Presente, stimolante, impegnato è invece il quadro organizzativo della società civile, delle associazioni, dei circoli cooperativi, dei comitati antifascisti.

Nel vuoto delle iniziative governative assume rilevanza etico culturale particolarmente significativa la mostra curata dalla Provincia di Reggio Emilia, che espone, nella sede di Palazzo Magnani, 320 immagini sui campi di concentramento e sterminio nazisti, di una drammaticità sconvolgente. La mostra è stata ideata dal Patrimoine Photografique di Parigi, con la collaborazione del Ministero della Cultura e della comunicazione di Francia, co-prodotta da Palazzo Magnani, dal Fotomuseum di Winterthur e dal Museu National D’Art di Barcellona.

Perché sia chiaro ciò che voglio comunicare, sottolineo che, tra gli ideatori e promotori della mostra, vi è il Ministero della Cultura e della Comunicazione di Francia.

È una mostra che non si può guardare senza angoscia e senza sdegno, ma che realizza un percorso di informazione eticamente fondamentale per le nuove generazioni, perché possa scaturire, dalle loro libere riflessioni su ciò che vedono e leggono, la condanna di questo passato e perché possa nascere in loro, correlativamente, con l’informazione e la cultura recepite, un vero e proprio impegno di vita, una scelta di azione. Sicuramente un approccio emotivo alla memoria del passato, che passi attraverso la conoscenza del delitto, della tortura, della violenza, dell’annientamento dell’uomo, perpetrati dai sistemi totalitari è positivo, ma non è ancora memoria storica.

Ed è questo il punto sul quale desidero soffermarmi, per sottolineare che la memoria storica non è tate quando si limita alla conoscenza dei fatti accaduti.

Per essere culturalmente utile la conoscenza dei fatti accaduti deve essere elaborata, per approdare alla conoscenza del perché e del come quei fatti sono accaduti per giungere, cioè, a conoscerne le cause.

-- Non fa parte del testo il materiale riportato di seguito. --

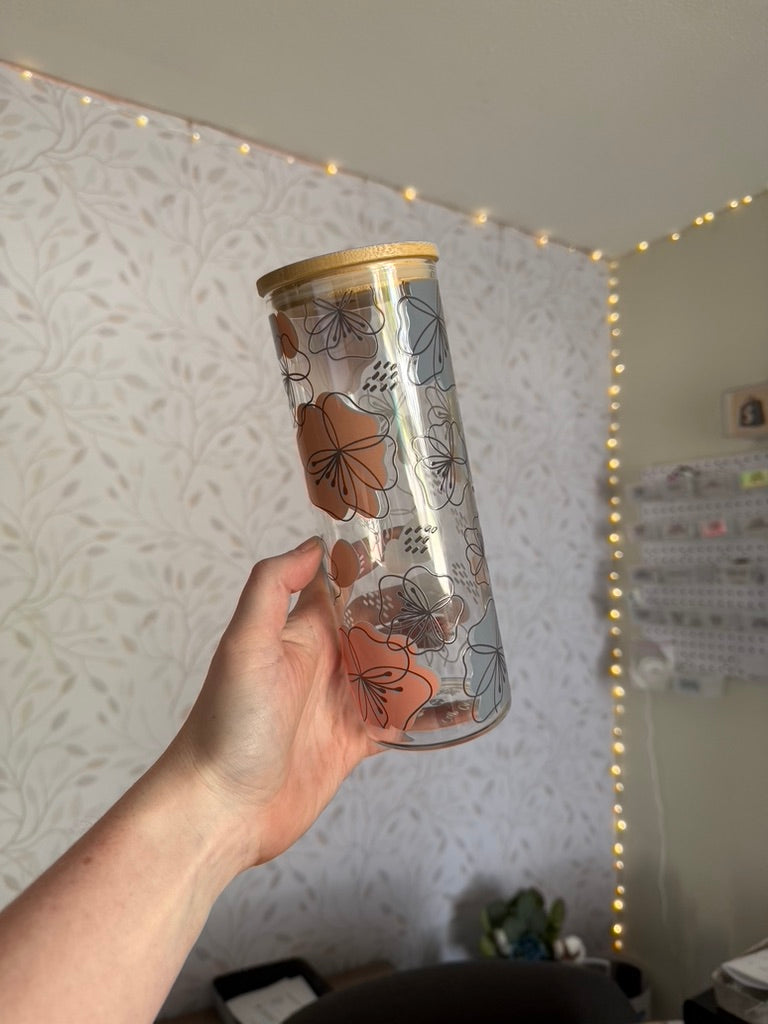 Boho Floral | UVDTF | 25oz Skinny Glass Tumbler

Quali erano le situazioni economiche, le organizzazioni politiche, le istituzioni, la giustizia, la scuola, il lavoro, la formazione del consenso e la repressione del dissenso in quel tempo?.

Ecco la memoria.

Solo l’approfondimento di questi temi crea una memoria capace di vaccinare un uomo ed un popolo e di renderli consapevoli di quali siano le avvisaglie e i prodromi di situazioni che possono portare a mutamenti di regime che feriscono, quando non uccidono, la democrazia.

Senza voler fare equazioni di eguaglianza, ma soltanto per ricordare il paradigma generale di qualsivoglia mutamento antidemocratico nella storia dei popoli e nel mondo, è bene sapere che dalla democrazia ci si allontana, per lidi sconosciuti quanto meno, ma sicuramente non democratici, quando si riforma il sistema della giustizia privandolo del fondamento dell’uguaglianza di tutti i cittadini davanti alla legge e dell’indipendenza dei giudici, quando si riforma il sistema scolastico rendendolo indipendente dai valori costituzionali e affidandolo agli interessi ed al tornaconto del mercato, quando si riforma l’organizzazione del lavoro tentando di delegittimare la rappresentanza politica pluralista dei lavoratori, quando si riforma il sistema informativo privandolo dell’unico suo sustrato di democrazia e di libertà, che consiste nella moltiplicazione e non nella concentrazione dei mezzi di informazione in poche mani.

Questa è la memoria che ha un significato per gli uomini: ricordare i fatti, ma soprattutto le cause che tali fatti hanno prodotto.